▶ [Exercise requirements]: The answer must be an exact copy of the lines from the one containing "HONDA DIO AF62" through the end of the records, with the pictures left out.
---------------
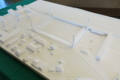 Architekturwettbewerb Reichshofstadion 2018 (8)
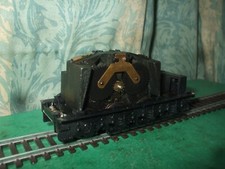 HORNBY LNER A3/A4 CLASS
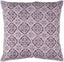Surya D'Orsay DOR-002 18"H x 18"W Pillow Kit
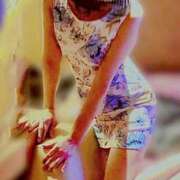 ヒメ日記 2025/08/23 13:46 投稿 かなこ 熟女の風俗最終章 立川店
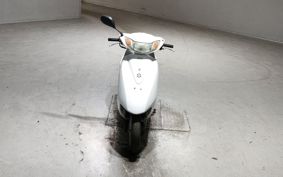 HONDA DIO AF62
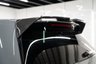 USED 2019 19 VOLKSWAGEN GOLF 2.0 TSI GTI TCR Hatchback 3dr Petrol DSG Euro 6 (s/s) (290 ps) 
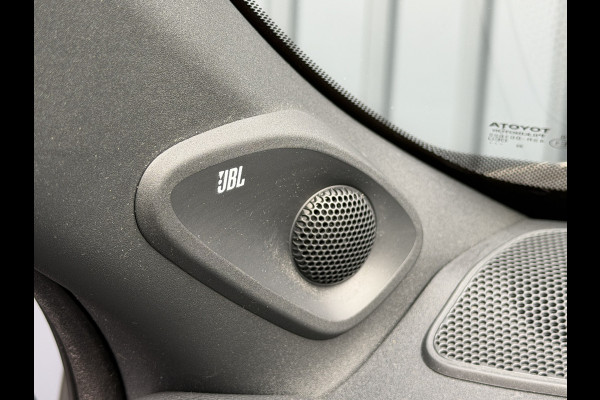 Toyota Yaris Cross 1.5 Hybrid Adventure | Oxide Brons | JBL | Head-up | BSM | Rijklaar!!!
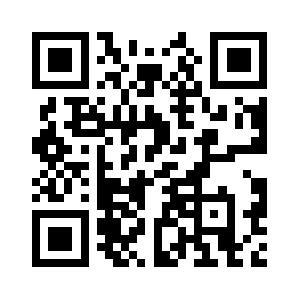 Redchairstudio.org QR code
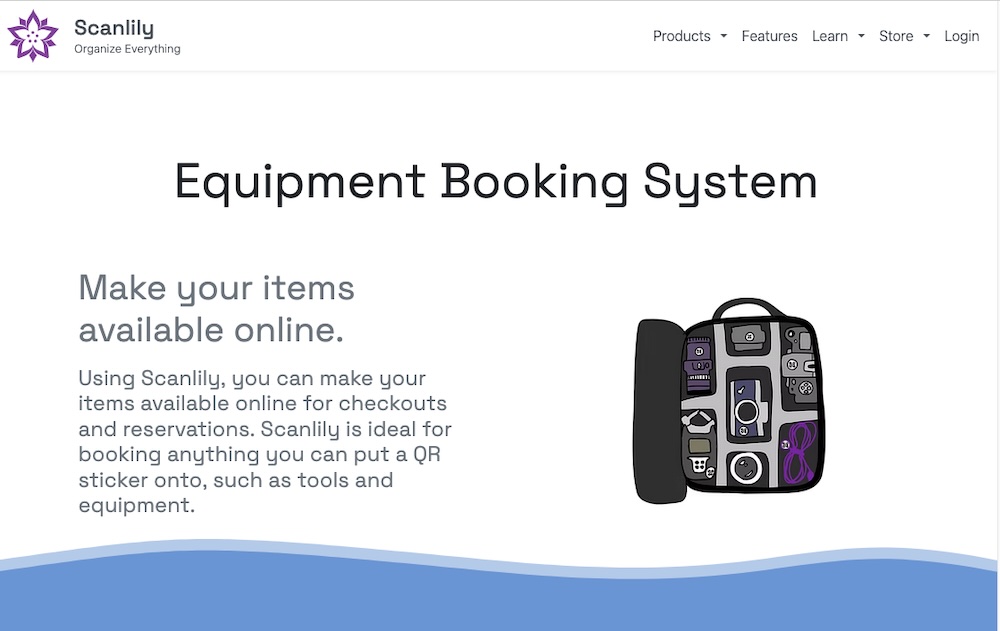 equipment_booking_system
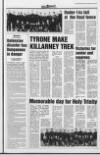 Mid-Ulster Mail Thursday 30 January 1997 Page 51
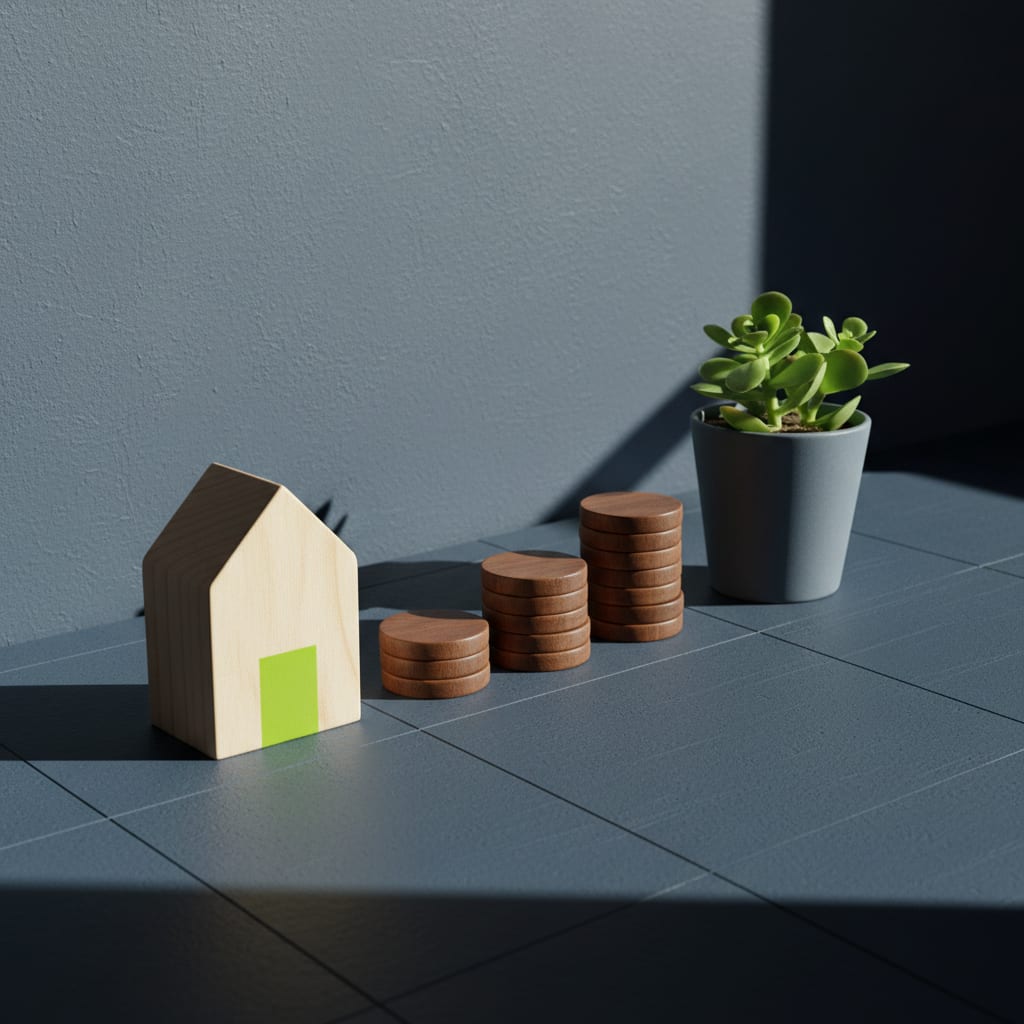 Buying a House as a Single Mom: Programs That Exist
---------------
▶ [Result below]:
 HONDA DIO AF62
 USED 2019 19 VOLKSWAGEN GOLF 2.0 TSI GTI TCR Hatchback 3dr Petrol DSG Euro 6 (s/s) (290 ps) 
 Toyota Yaris Cross 1.5 Hybrid Adventure | Oxide Brons | JBL | Head-up | BSM | Rijklaar!!!
 Redchairstudio.org QR code
 equipment_booking_system
 Mid-Ulster Mail Thursday 30 January 1997 Page 51
 Buying a House as a Single Mom: Programs That Exist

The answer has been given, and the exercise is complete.